Софья Могилевская - Театр на Арбатской площади
Глава третья
О том, как Санька попала на Тверской бульвар
А как попала Санька на Тверской бульвар, она и сама толком не могла понять. Брела себе по московским улицам, глазела по сторонам. Дивилась на барские хоромы с каменными собаками у ворот. А может, это вовсе не собаки поглядывали на нее каменными глазами? Говорят, есть такие звери с преогромными гривастыми мордами, вроде бы на собак походят, только много свирепее…

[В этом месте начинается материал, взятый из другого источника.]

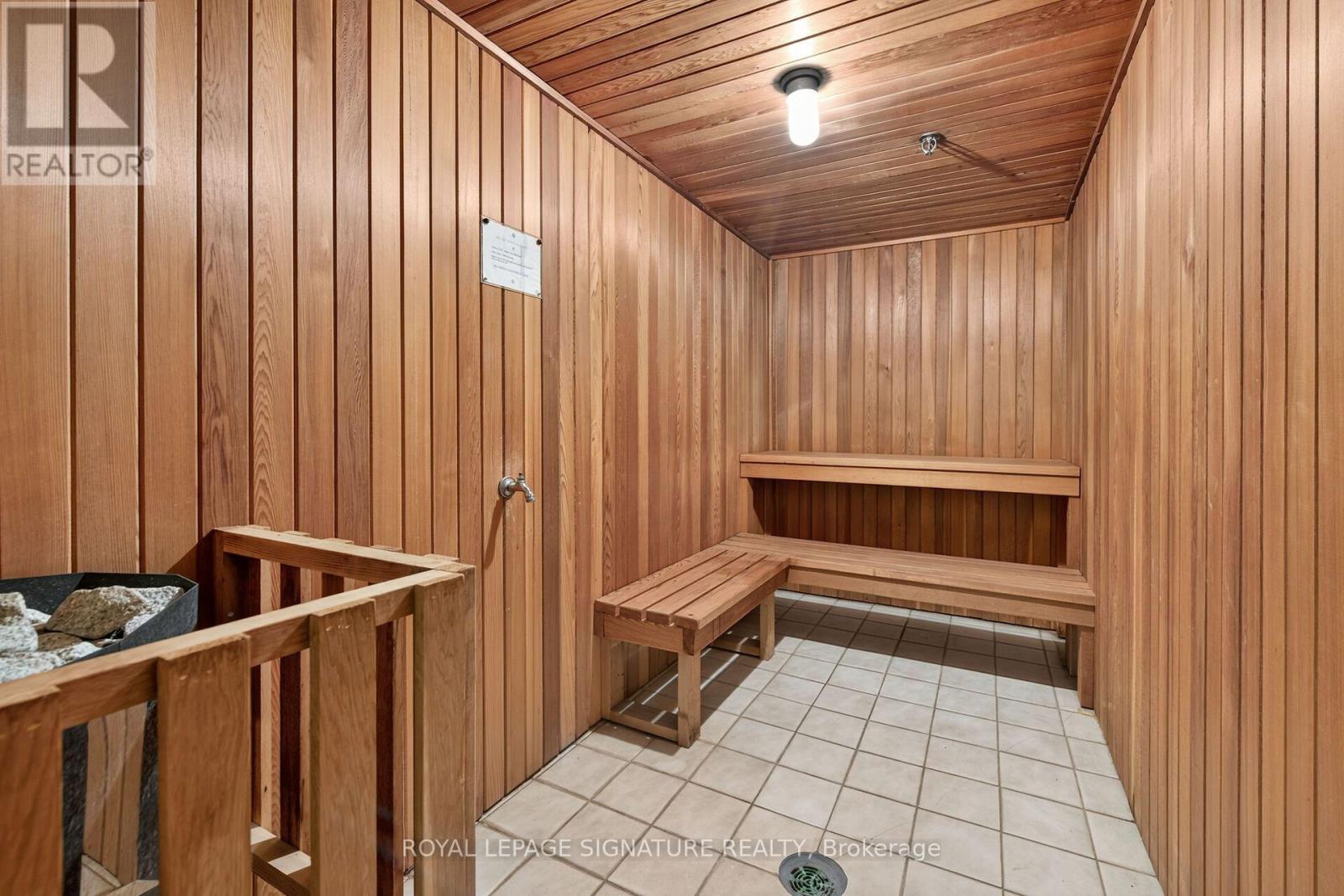 405 - 1237 North Shore Boulevard E, Burlington, Ontario  L7S 2H8 - Photo 44 - W13752084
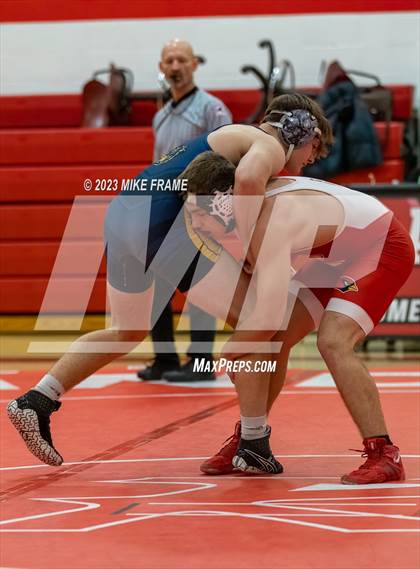Thumbnail 1 in Franklinville @ Randolph photogallery.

Видела она и ветхие хибарки, крытые соломой. Таких на улицах Москвы стояло предостаточно, поболее, чем барских дворцов. Возле дворцов — зеленые сады, липы шумят, дубы чуть шевелят листами. Возле хибарок — огороды с огурцами, мусорные свалки да кое-где рябина рдеет спелыми ягодами.
Проходила Санька мимо деревянных церквушек, до того стареньких, дунь посильнее — и на бревнышки развалятся! И кресты на погосте тоже от старости совсем накренились. А чуть подалее — храм божий. Глаз не отвести, краше не бывает! На одних купола золотом горят, на других небесно-голубые с золотыми звездами. Вот где молиться да молиться! Небось из таких-то вернее донесется на небо молитва?
То натыкалась Санька на какой-нибудь плетень. А вперед ходу нет! Никак иначе не выбраться, как лезть через плетень. А за ним — крапивы вдосталь. Лезла и спрашивала себя: «Ну зачем, дура, лезешь?» Отвечала: «Что я, не барыня себе? Куда хочу, туда и лезу!» Вот и получай, барыня: все руки крапивой обстрекались!
А один раз еле спаслась от косматого, злющего кобеля. Вылетел из подворотни, чуть в клочья не изодрал праздничный сарафан. Насилу ноги унесла.
Эх, Санька, Санька, ну куда ты топаешь? Ведь обратно домой нипочем не найти дороги…
И вдруг, пройдя по незнакомой улице с красивыми барскими домами, вышла и вовсе неведомо куда. Что это был Тверской бульвар, Санька знать не могла. Откуда же? Сроду здесь не бывала. Хоть не раз ездила с Лукой в Москву на базары, даже брал он ее с собой на большие торги на Красную площадь. Но эти места посетить не случалось.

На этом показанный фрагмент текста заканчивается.